Pironkova, a grass-court specialist, next plays the 2010 finalist, Sam Stosur – brought up on grass in Australia but a natural clay-courter – whose 7-6, 6-3 win over the No2 seed, Simona Halep, was a slightly lesser shock. The perennially nervous Stosur, seeded 21, came to Paris nursing a wrist injury but has hit freely through the gloom all week. “It was unfortunate I had to pull out of Strasbourg,” she said, “but I needed those days to recover. Thankfully, touch wood, it’s been OK so far.”

Djokovic and Bautista Agut joined battle on Court Philippe Chatrier at 12.13pm in rain marginally heavier than that which provoked a long, impassioned rant from the world No1 when he was within two games of losing in straight sets to Murray in Rome two weekends ago.

This time, with the stakes considerably higher – a chance to become the first $100m man in career prize money by reaching the quarters – Djokovic handled adversity with more sangfroid. Nevertheless there were enough anxious moments for him in trying to tame an opponent 16 places below him in the rankings to make this an absorbing duel.
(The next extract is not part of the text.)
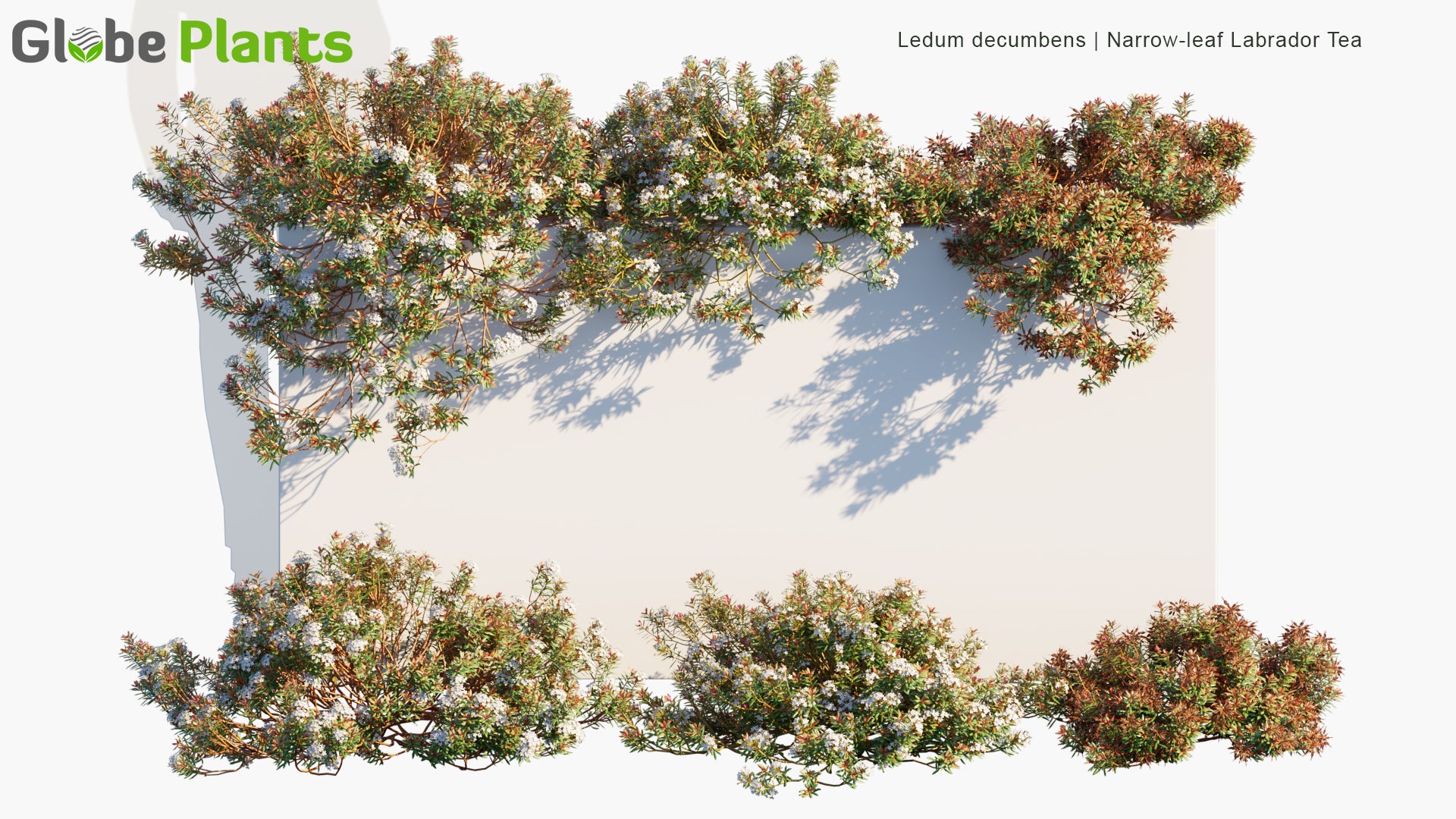Ledum Decumbens - Narrow-Leaf Labrador Tea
Five hours and 37 minutes after they started on what was notionally day 10 of these championships but which had to incorporate the backlog from day nine, Djokovic still had not subdued Bautista Agut who, at 4-1 down in the unfinished third set, was showing no sign of rolling over on clay that had turned into a soggy sandpit.

The neat and tidy clay-courter from Castellón de la Plana proved every bit as uncooperative in dire conditions as was Aljaz Bedene in the almost unplayable darkness of Saturday night. That is how long a gap Djokovic has had here. It was hard to tell whether he was more frustrated than relieved when the chair umpire, Cédric Mourier, ordered them back in the hutch at 4.54pm.
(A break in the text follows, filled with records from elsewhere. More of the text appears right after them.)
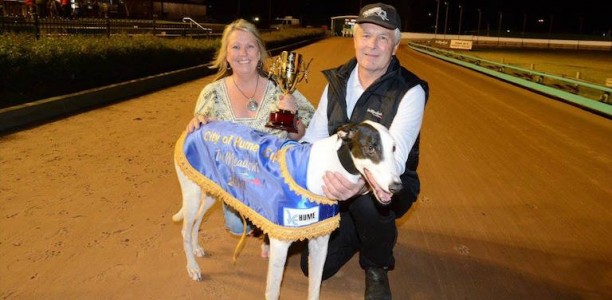 Can Rockoon complete the Hume Cup – Bold Trease double?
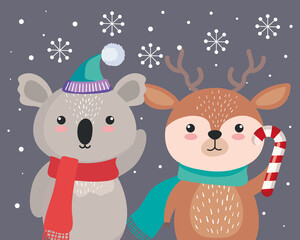 koala and reindeer cartoons in merry christmas season design, winter and decoration theme Vector illustration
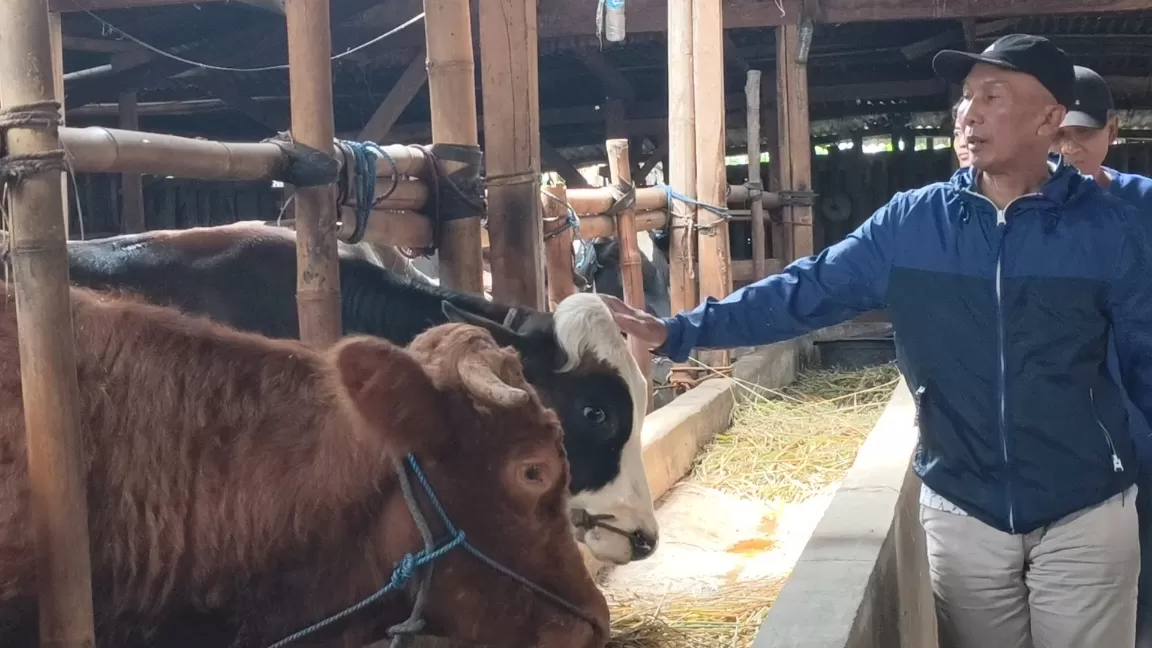Panitia kurban Pak Rt Uyu, sedang melihat-lihat sapi di Tanjungsari, Sumedang. (foto:dedis)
When they resume at a set apiece Bautista Agut will have the ball in his hand and a thump in his heart because there were many moments in this disjointed match when he was on level terms with the best player in the world.

Mourier ignored Djokovic’s pleas for a cessation on the first-set changeover, when he was a break down, and Bautista Agut served out for 6-3 after 37 minutes. He had taken only one game from the Serb in four previous matches. When they scurried to shelter at 12.50pm, one can be sure the underdog was happier than the favourite.

So, as in Rome against Murray, Djokovic was pitched into a come-from-behind struggle. Yet we are left to wonder why they were asked to play in the rain in the first place. Was it to squeeze in the requisite 59 minutes to avoid a partial refund from a one-day pot of €2m to those patrons optimistic enough to trek to Roland Garros on a second day of lousy weather? When they passed two hours that money was safe.

There was no play at all on Monday, the first time that has happened here since 2000. It was difficult not to sympathise with the schedulers, though – easier to curse the heavens. At 3pm, the covers came off Chatrier, two hours and 10 minutes after they had gone on. This was Djokovic’s Fleetwood Mac moment: “Don’t start thinking about tomorrow... Yesterday’s gone, yesterday’s gone.” All his yesterdays undoubtedly had more substance than those of his opponent, but Bautista Agut was going to make the most of these chunks of time. It was his only hope – to catch Djokovic cold. They both should be a little warmer on Wednesday.